Comment travailleront les cadres de demain ? La montée en puissance des thèmes du développement durable révolutionne les métiers et les manières de faire. Pour le meilleur – une plus grande attention au long terme, un sens donné au travail – et pour le pire, avec la prolifération des normes et les obligations du reporting. Aux indicateurs de gestion, à ceux des démarches qualité s’ajoutent désormais ceux de l’impact environnemental. Manager à l’ère du développement durable, ce ne serait que alors subir de nouvelles contraintes ? Ce serait une bien mauvaise nouvelle ; c’est pourtant un risque.

Le problème du développement durable, c’est que ses modèles ont été conçus à l’extérieur des organisations de travail et qu’ils s’y intègrent mal. Ils le font à la marge, dans le marketing et la communication, ou par le haut, sans souci du terrain. On repeint les usines en vert, sans changer les machines. Dans ces conditions, au lieu de redonner un sens au travail, l’intégration des thèmes du développement durable dans le monde du travail pourrait bien contribuer à rendre certaines décisions plus complexes, voire plus absurdes. Le monde du travail est soumis à des « injonctions contradictoires » toujours plus nombreuses – faire mieux pour moins cher, etc. N’y a-t-il pas aussi une contradiction entre les logiques toujours plus puissantes du profit à court terme et celles, émergentes, de la durabilité – pérennité de l’entreprise, santé de son personnel, qualité de son environnement ?

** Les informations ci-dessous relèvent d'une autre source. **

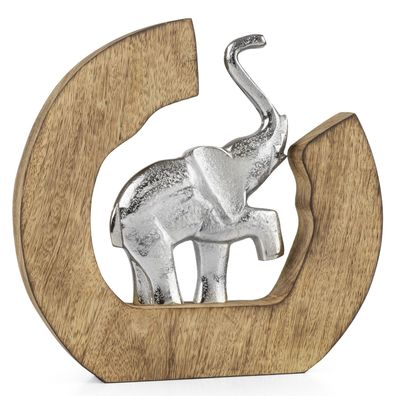 Dekofigur Elefant Silber Aluminium in Hufeisen Mangoholz-Rahmen ca. 24 x 3,5 x 23 cm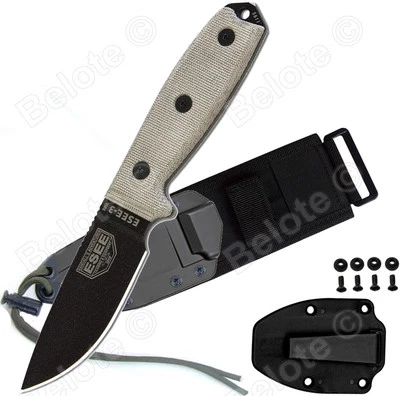 ESEE Model 3 Black Blade Plain Edge Glass Breaker BLK Sheath MOLLE Back 3MIL-P-B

Nier cette contradiction serait une grave erreur, car elle est inscrite dans la définition même du développement durable. Son principe fondamental est en effet de faire apparaître les multiples dimensions – économique, sociale, environnementale – au sein desquelles se meuvent les entreprises. Ignorer ces différentes dimensions fut pour elles une tentation, ce sera de moins en moins possible. Leur environnement juridique et économique, la pression des normes et le souci de leur réputation (vis-à-vis des clients comme des investisseurs) leur imposent de nouvelles règles du jeu.

Ces règles sont embrouillées : les exigences de la législation et celles de la Bourse, par exemple, sont tout aussi contraignantes mais suivent rarement la même logique. Il arrive qu’elles le fassent, quand sous le masque de la défense de l’environnement se dissimulent des groupes de pression industriels. Mais en règle générale, croire ou feindre de croire que les nouvelles règles du jeu s’articulent harmonieusement serait plus qu’une naïveté, ce serait une faute. Il est au contraire essentiel de reconnaître entre les différents intérêts et forces en présence des divergences de rythme, de point de vue, de légitimité ; en un mot, des tensions.

Edmond Maire évoquait dans les années 1980 le « conflit des logiques ». La formule avait surpris : un responsable syndical mettait sur le même plan les revendications des salariés et les objectifs de l’entreprise. Mais elle semble aujourd’hui prémonitoire, car ce sont les entreprises elles-mêmes qui sont amenées à reconnaître d’autres logiques que celles qui ont longtemps guidé leur action – pour résumer, faire des bénéfices et conserver leur personnel.

Gérer la confrontation de ces différentes logiques est aujourd’hui une nécessité, pour des entreprises qui se conçoivent et se représentent comme des têtes de réseau. Cette confrontation est aussi au cœur du métier des cadres. C’est pourquoi nous insistons tant, au niveau syndical, sur la nécessaire reconnaissance de ces différentes logiques. Car si l’entreprise ne le fait pas au plus haut niveau, c’est aux cadres de terrain qu’incombe en dernier ressort la tâche de gérer les contradictions.

Se posent alors deux questions. La première est celle des marges de manœuvre et des capacités d’arbitrage dont ils disposent : d’où notre revendication d’une réelle responsabilité des cadres, qui leur donne les moyens de mettre en œuvre la responsabilité sociale des entreprises et non simplement d’en subir les contraintes.

Le deuxième question est celle du savoir-faire. Comment gérer la nouvelle confrontation des logiques ? Sur quels savoir-faire s’appuyer ? C’est toute la question posée par ce numéro, qui interroge en particulier la formation des futurs cadres au regard des exigences du développement durable. Bien plus que de simples compétences techniques, c’est de capacités à organiser la confrontation, à identifier les parties prenantes, à travailler avec ces parties prenantes qu’auront besoin les cadres de demain. Par rapport à l’enseignement classique du management, c’est une petite révolution qui est en marche. Quelques écoles l’ont compris, et non des moindres. On pourrait ajouter que le syndicalisme est, lui aussi, une bonne école.